Anglo-French Joint Statement of Aims in Syria and Mesopotamia
8 November, 1918
The New York Times, November 8, 1918.
This statement was issued by the British Embassy in Washington at the request of the British Foreign Office.
The aim of France and Great Britain in carrying on in the Near East the war let loose by Germany's ambitions is the complete and final liberation of the peoples so long oppressed by the Turks and the establishment of governments and administrations deriving their authority from the initiative and the free choice of the native populations.
In view of following out this intention, France and Great Britain are agreed to encourage and help the establishment of native governments and administrations in Syria and Mesopotamia actually liberated by the allies, and in the territories they are now
striving to liberate, and to recognize them as soon as effectively established.

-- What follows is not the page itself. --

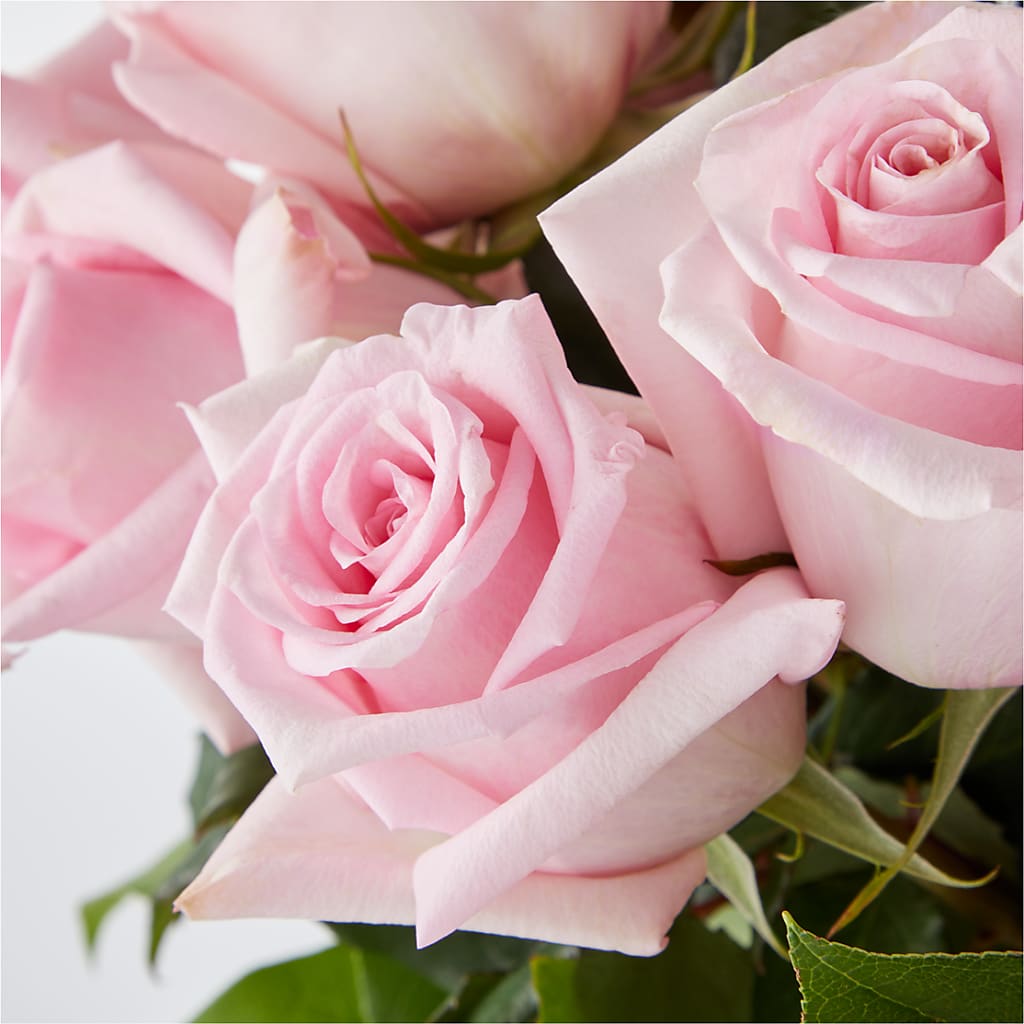 Picture Perfect Pink Rose Bouquet –  Mary Blooms Florist, Port Saint Lucie FL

Far from seeking to force upon the populations of these countries any particular institution, France and Great Britain have no other concern than to ensure by their support and their active assistance the normal working of the governments and institutions which the populations shall have freely adopted, so as to secure just impartiality for all, and also to facilitate the economic development of the country in arousing and encouraging local initiative by the diffusion of instruction, and to put an end to discords which have too long been taken advantage of by Turkish rule.
Such is the role that the two Allied Governments claim for themselves in the liberated territories.